I tried to speed up a python for-loop by splitting up across 4 processes, and along the way I accidently discovered four distributed system concepts that companies like Google, Apache have spent decades solving: Computation-to-communication, the straggler problem problem, serialisation overhead, and data locality.
Here is how processing satellite data at 2 different scales made each concept visible.
The Datasets
Australia's vegetation raster: 40,100 × 38,370 pixels, 3.09 GB of satellite data. Each pixel holds a vegetation density value (1–687) or nodata (−32768) for ocean. That's 1.54 billion pixels.

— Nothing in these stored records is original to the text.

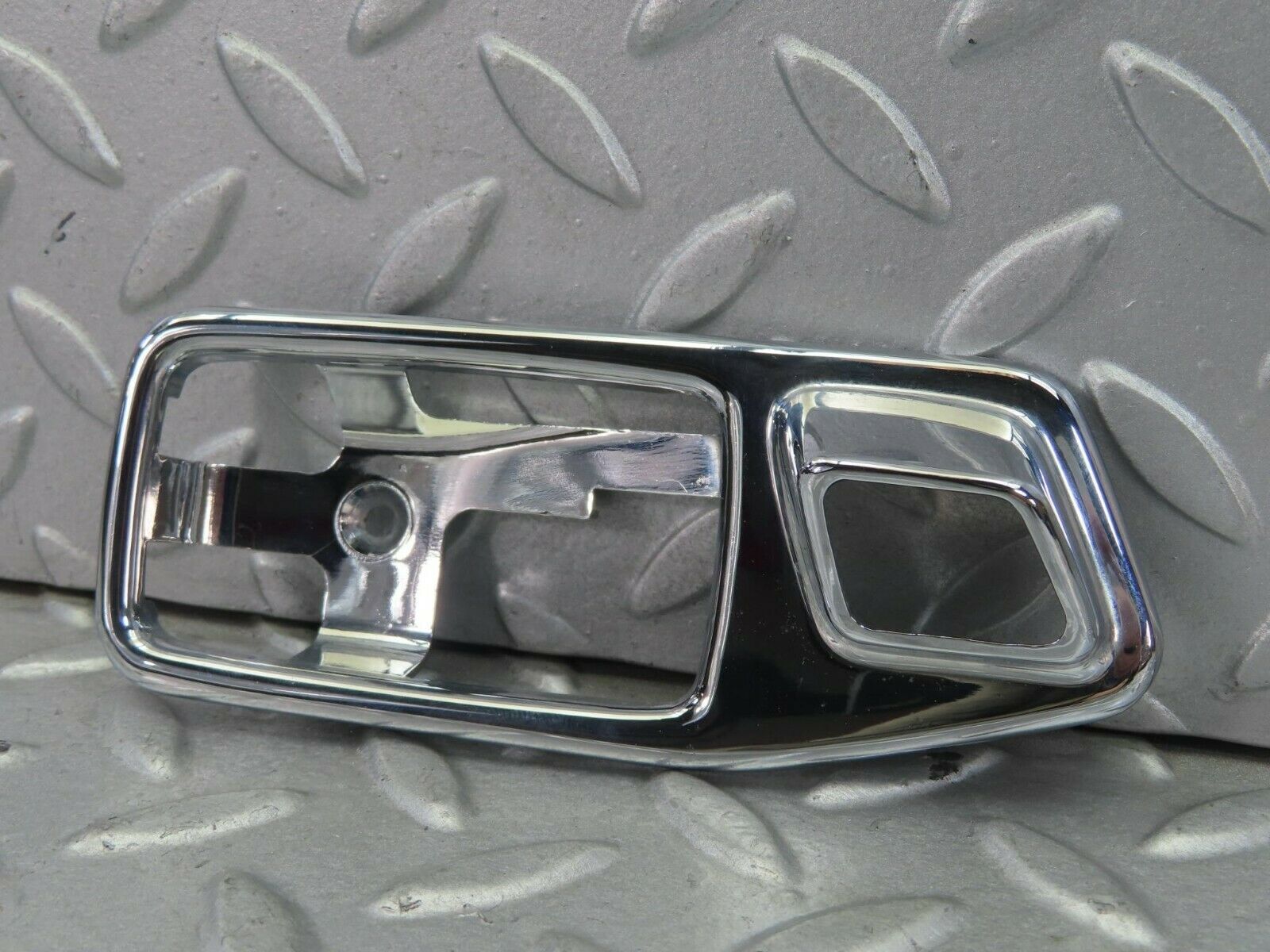 8719 Mercedes-Benz W116 Chrome Door Handle Surround Right 1167660211
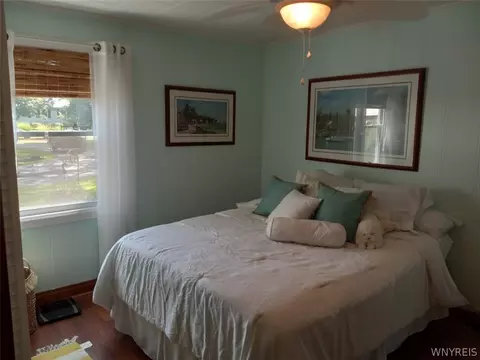 9802 Shorecliff Rd, Evans, NY 14006 photo 14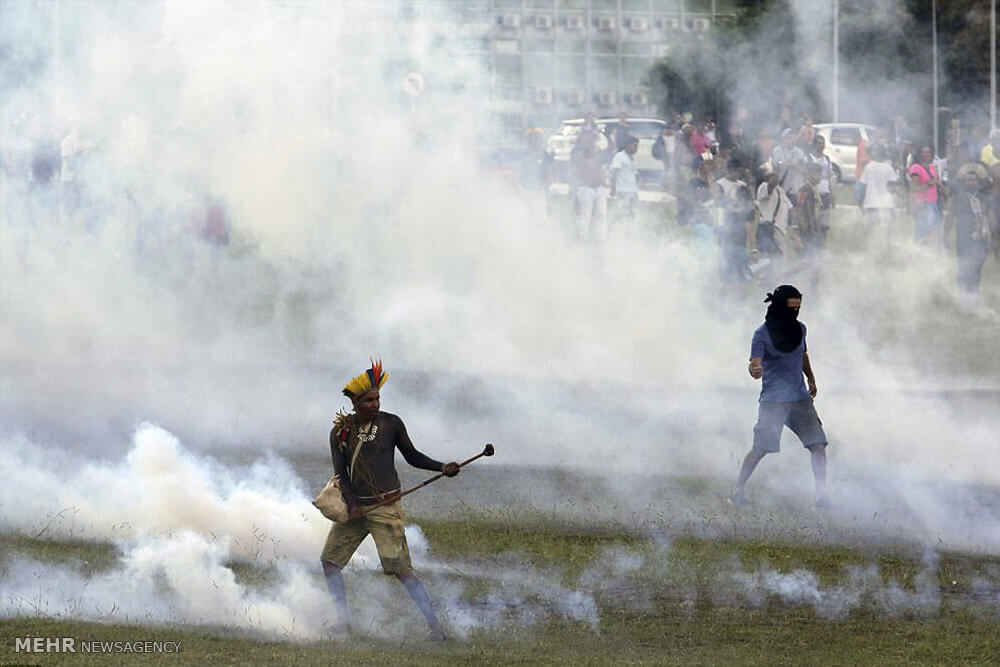 تصاویر تظاهرات سرخ پوستان در برزیل تصاویر تظاهرات سرخ پوستان در برزیل,عکس های تظاهرات سرخ پوستان در برزیل,عکس های تظاهرات یک قبیله بومی سرخپوستی در برزیل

I wanted to classify every pixel into a fire risk category — simple threshold logic, but on 1.54 billion pixels, it would be interesting to see how the final outcome would come up.
The obvious answer to get the outcome: split the data across multiple workers and compute in parallel. I divided the raster into 4 horizontal strips.
The below image you are seeing is analysis of the *.tiff file I have downloaded via https://www.agriculture.gov.au/abares/forestsaustralia/forest-data-maps-and-tools/spatial-data/forest-cover
Why Pure Python? Why not numpy? Why not threads?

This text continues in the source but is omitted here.